● Raw data

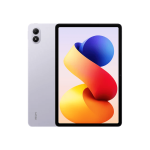 Redmi Pad 2 Pro - Official - Image 2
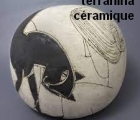 Sans titre 12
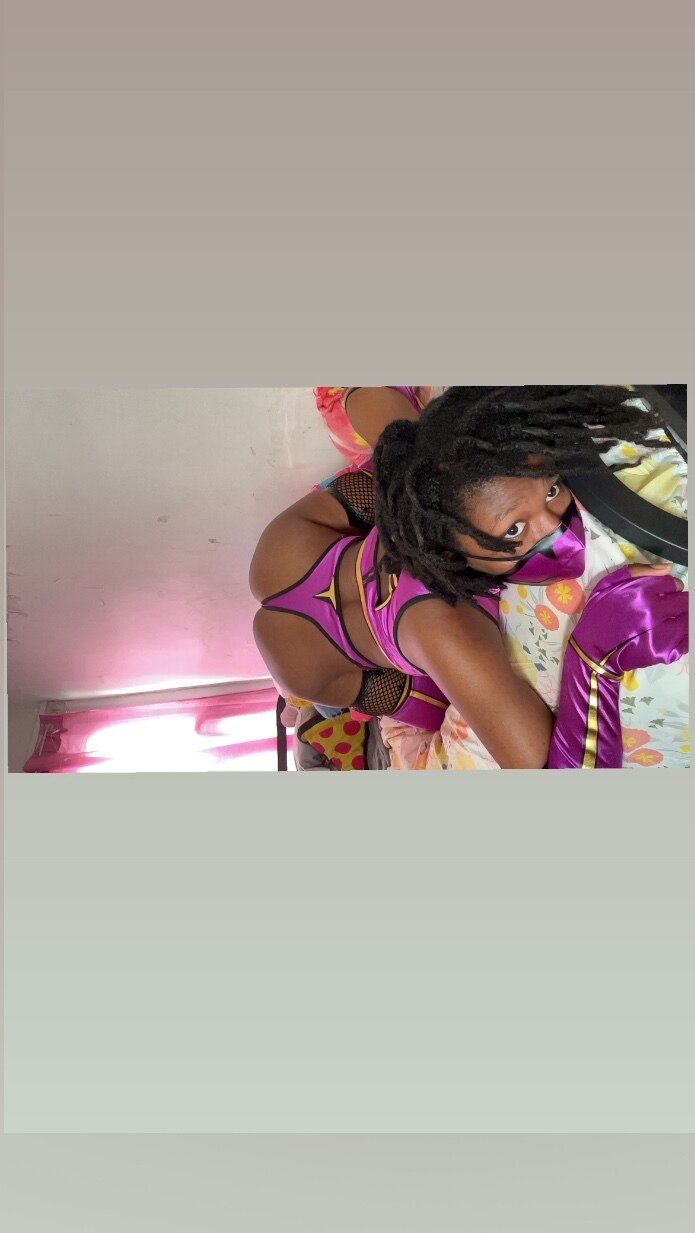 slimthique OnlyFans profile picture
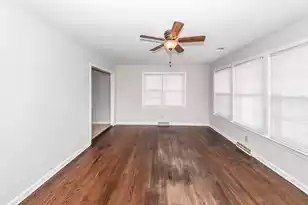 5289 Hartford Cir, North Charleston, SC 29405 - Photo 3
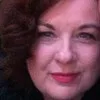 Catriona Clayton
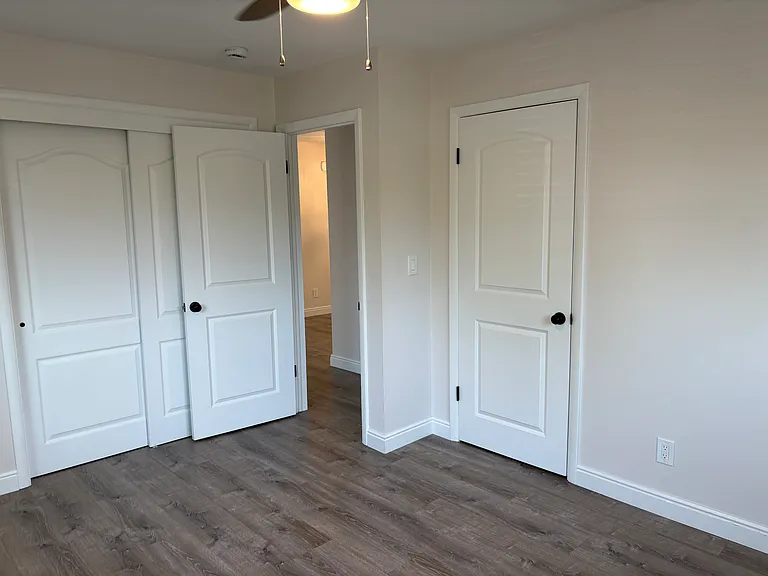 1601 S Patton Ct — Photo 7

● Problem to solve
The copy must include every record exactly and none of the pictures.

● Your response
 Redmi Pad 2 Pro - Official - Image 2
 Sans titre 12
 slimthique OnlyFans profile picture
 5289 Hartford Cir, North Charleston, SC 29405 - Photo 3
 Catriona Clayton
 1601 S Patton Ct — Photo 7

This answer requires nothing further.